Biao Yaning, Chen Jian, Liu Chenxu, Wang Ruilong, Han Xue, Li Li, Zhang Yixin
School of Basic Medicine, Hebei University of Chinese Medicine, Shijiazhuang, China.
International Joint Research Center on Resource Utilization and Quality Evaluation of Traditional Chinese Medicine of Hebei Province, Shijiazhuang, China.
Front Pharmacol. 2022 Jun 21;13:877924. doi: 10.3389/fphar.2022.877924. eCollection 2022.
Lipid metabolism disorders are a prominent characteristic in the pathological development of non-alcoholic fatty liver disease (NAFLD). decoction (DZD) is a Chinese herbal medicine that is based on decoction and has an effect of regulating lipid mechanism. However, the anti-NAFLD effect and mechanism of DZD remain unclear. In this study, we observed the therapeutic effect of DZD on NAFLD rats and investigated its possible mechanisms. Sixty Sprague Dawley rats were randomly assigned to six groups: control group, model group, (polyene phosphatidylcholine) group, and low, medium and high-dose DZD groups. High-fat diet (HFD) was fed to the rats to establish an NAFLD model, and each treatment group was given corresponding drugs at the same time for eight consecutive weeks. The results revealed that the obvious lipid metabolism disorder and liver injury induced by HFD were alleviated by treatment with DZD, which was verified by decreased serum TC, TG, ALT, AST, liver TC, TG, and FFA, as well as the alleviation of hepatic steatosis.
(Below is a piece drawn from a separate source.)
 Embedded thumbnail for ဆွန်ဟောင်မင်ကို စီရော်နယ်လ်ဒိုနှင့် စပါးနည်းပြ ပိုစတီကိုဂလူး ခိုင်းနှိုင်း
The production of ROS in rats was reduced after treatment with DZD. The SOD activity and GSH content were increased with DZD treatment, while the MDA level was decreased. The administration of DZD could decrease serum IL-1β and IL-18 contents. Moreover, DZD upregulated the expressions of Nrf2, HO-1, GCLC, and GCLM, while it suppressed the expressions of NLRP3, caspase-1, GSDMD, and GSDMD-N. In conclusion, the data showed that DZD can reduce lipid accumulation, alleviate oxidative stress and inflammation, and inhibit pyroptosis in NAFLD rats, which might be ascribed to suppression of the ROS/NLRP3/IL-1β signaling pathway by activation of Nrf2. Overall, these results indicated that DZD is expected to be a therapeutic drug for NAFLD.
脂质代谢紊乱是非酒精性脂肪性肝病(NAFLD)病理发展过程中的一个突出特征。[具体方剂名称]汤(DZD)是一种基于[基础方剂名称]汤的中药方剂,具有调节脂质代谢机制的作用。然而,DZD抗NAFLD的作用及机制尚不清楚。在本研究中,我们观察了DZD对NAFLD大鼠的治疗效果,并探讨了其可能的机制。将60只Sprague Dawley大鼠随机分为6组:对照组、模型组、[多烯磷脂酰胆碱]组以及低、中、高剂量DZD组。给大鼠喂食高脂饮食(HFD)以建立NAFLD模型,各治疗组同时给予相应药物,连续给药8周。结果显示,DZD治疗可减轻HFD诱导的明显脂质代谢紊乱和肝损伤,这通过血清总胆固醇(TC)、甘油三酯(TG)、谷丙转氨酶(ALT)、谷草转氨酶(AST)、肝脏TC、TG和游离脂肪酸(FFA)的降低以及肝脂肪变性的减轻得到证实。DZD治疗后大鼠体内活性氧(ROS)的产生减少。DZD治疗可使超氧化物歧化酶(SOD)活性和谷胱甘肽(GSH)含量升高,同时丙二醛(MDA)水平降低。给予DZD可降低血清白细胞介素-1β(IL-1β)和白细胞介素-18(IL-18)含量。此外,DZD上调核因子E2相关因子2(Nrf2)、血红素加氧酶-1(HO-1)、谷氨酸-半胱氨酸连接酶催化亚基(GCLC)和谷氨酸-半胱氨酸连接酶调节亚基(GCLM)的表达,同时抑制NLR家族含pyrin结构域蛋白3(NLRP3)、半胱天冬酶-1(caspase-1)、gasdermin D(GSDMD)和GSDMD-N的表达。总之,数据表明DZD可减少NAFLD大鼠的脂质蓄积,减轻氧化应激和炎症反应,并抑制细胞焦亡,这可能归因于通过激活Nrf2抑制ROS/NLRP3/IL-1β信号通路。总体而言,这些结果表明DZD有望成为治疗NAFLD的药物。